───── INFORMATION PROVIDED

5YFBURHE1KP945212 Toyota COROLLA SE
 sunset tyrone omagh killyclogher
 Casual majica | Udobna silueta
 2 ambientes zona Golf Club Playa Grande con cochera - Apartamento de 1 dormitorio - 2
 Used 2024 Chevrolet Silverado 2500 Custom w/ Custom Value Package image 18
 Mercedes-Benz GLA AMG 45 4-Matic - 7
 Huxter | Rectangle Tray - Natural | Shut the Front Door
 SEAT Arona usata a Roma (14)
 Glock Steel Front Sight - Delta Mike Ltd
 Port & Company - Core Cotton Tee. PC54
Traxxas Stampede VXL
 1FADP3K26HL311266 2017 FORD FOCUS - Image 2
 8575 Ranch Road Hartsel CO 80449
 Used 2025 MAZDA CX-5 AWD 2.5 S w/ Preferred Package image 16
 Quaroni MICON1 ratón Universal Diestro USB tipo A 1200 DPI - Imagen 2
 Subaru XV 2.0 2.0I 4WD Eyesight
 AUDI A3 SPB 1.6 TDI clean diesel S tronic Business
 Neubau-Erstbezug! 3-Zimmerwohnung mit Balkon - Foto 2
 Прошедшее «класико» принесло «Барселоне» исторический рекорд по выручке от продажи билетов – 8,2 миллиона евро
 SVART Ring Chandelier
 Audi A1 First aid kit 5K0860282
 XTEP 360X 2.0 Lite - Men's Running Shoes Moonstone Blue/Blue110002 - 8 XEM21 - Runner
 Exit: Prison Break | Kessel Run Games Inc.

──────────

REQUIRED ACTION: Every entry above needs to be written out again exactly.

WRITTEN SOLUTION:
5YFBURHE1KP945212 Toyota COROLLA SE
 sunset tyrone omagh killyclogher
 Casual majica | Udobna silueta
 2 ambientes zona Golf Club Playa Grande con cochera - Apartamento de 1 dormitorio - 2
 Used 2024 Chevrolet Silverado 2500 Custom w/ Custom Value Package image 18
 Mercedes-Benz GLA AMG 45 4-Matic - 7
 Huxter | Rectangle Tray - Natural | Shut the Front Door
 SEAT Arona usata a Roma (14)
 Glock Steel Front Sight - Delta Mike Ltd
 Port & Company - Core Cotton Tee. PC54
Traxxas Stampede VXL
 1FADP3K26HL311266 2017 FORD FOCUS - Image 2
 8575 Ranch Road Hartsel CO 80449
 Used 2025 MAZDA CX-5 AWD 2.5 S w/ Preferred Package image 16
 Quaroni MICON1 ratón Universal Diestro USB tipo A 1200 DPI - Imagen 2
 Subaru XV 2.0 2.0I 4WD Eyesight
 AUDI A3 SPB 1.6 TDI clean diesel S tronic Business
 Neubau-Erstbezug! 3-Zimmerwohnung mit Balkon - Foto 2
 Прошедшее «класико» принесло «Барселоне» исторический рекорд по выручке от продажи билетов – 8,2 миллиона евро
 SVART Ring Chandelier
 Audi A1 First aid kit 5K0860282
 XTEP 360X 2.0 Lite - Men's Running Shoes Moonstone Blue/Blue110002 - 8 XEM21 - Runner
 Exit: Prison Break | Kessel Run Games Inc.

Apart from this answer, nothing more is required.